SimLOB: Learning Representations of Limited Order Book for Financial Market Simulation
Published:
We are the first to use LOB data to calibrate the PGPS model (previously, most studies relied on midprice). During the calibration process, to address the challenges of measuring similarity in time series data, we employed a representation learning approach. Specifically, we used a trained encoder to map the raw data into a latent space, where similarity metrics were computed for calibration. We also explored suitable encoder architectures, comparing contemporary common architectures and those frequently used in financial calibration, and designed a novel transformer-based architecture that significantly improved calibration performance.
Abstract:
Financial market simulation (FMS) serves as a promising tool for understanding market anomalies and the underlying trading behaviors. To ensure high-fidelity simulations, it is crucial to calibrate the FMS model for generating data closely resembling the observed market data.

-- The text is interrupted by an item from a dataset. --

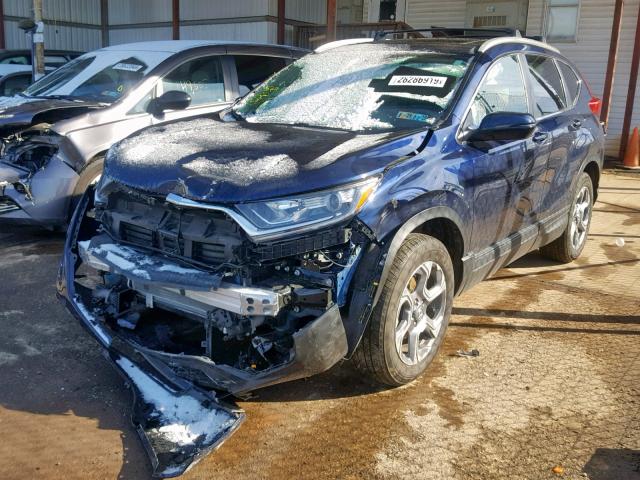 2HKRW2H8XHH611549 - 2017 HONDA CR-V EXL BLUE photo 2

Previous efforts primarily focused on calibrating the mid-price data, leading to essential information loss of the market activities and thus biasing the calibrated model. The Limit Order Book (LOB) data is the fundamental data fully capturing the market micro-structure and is adopted by worldwide exchanges. However, LOB is not applicable to existing calibration objective functions due to its tabular structure not suitable for the vectorized input requirement. This paper proposes to explicitly learn the vectorized representations of LOB with a Transformer-based autoencoder. Then the latent vector, which captures the major information of LOB, can be applied for calibration. Extensive experiments show that the learned latent representation not only preserves the non-linear auto-correlation in the temporal axis, but the precedence between successive price levels of LOB. Besides, it is verified that the performance of the representation learning stage is consistent with the downstream calibration tasks. Thus, this work also progresses the FMS on LOB data, for the first time.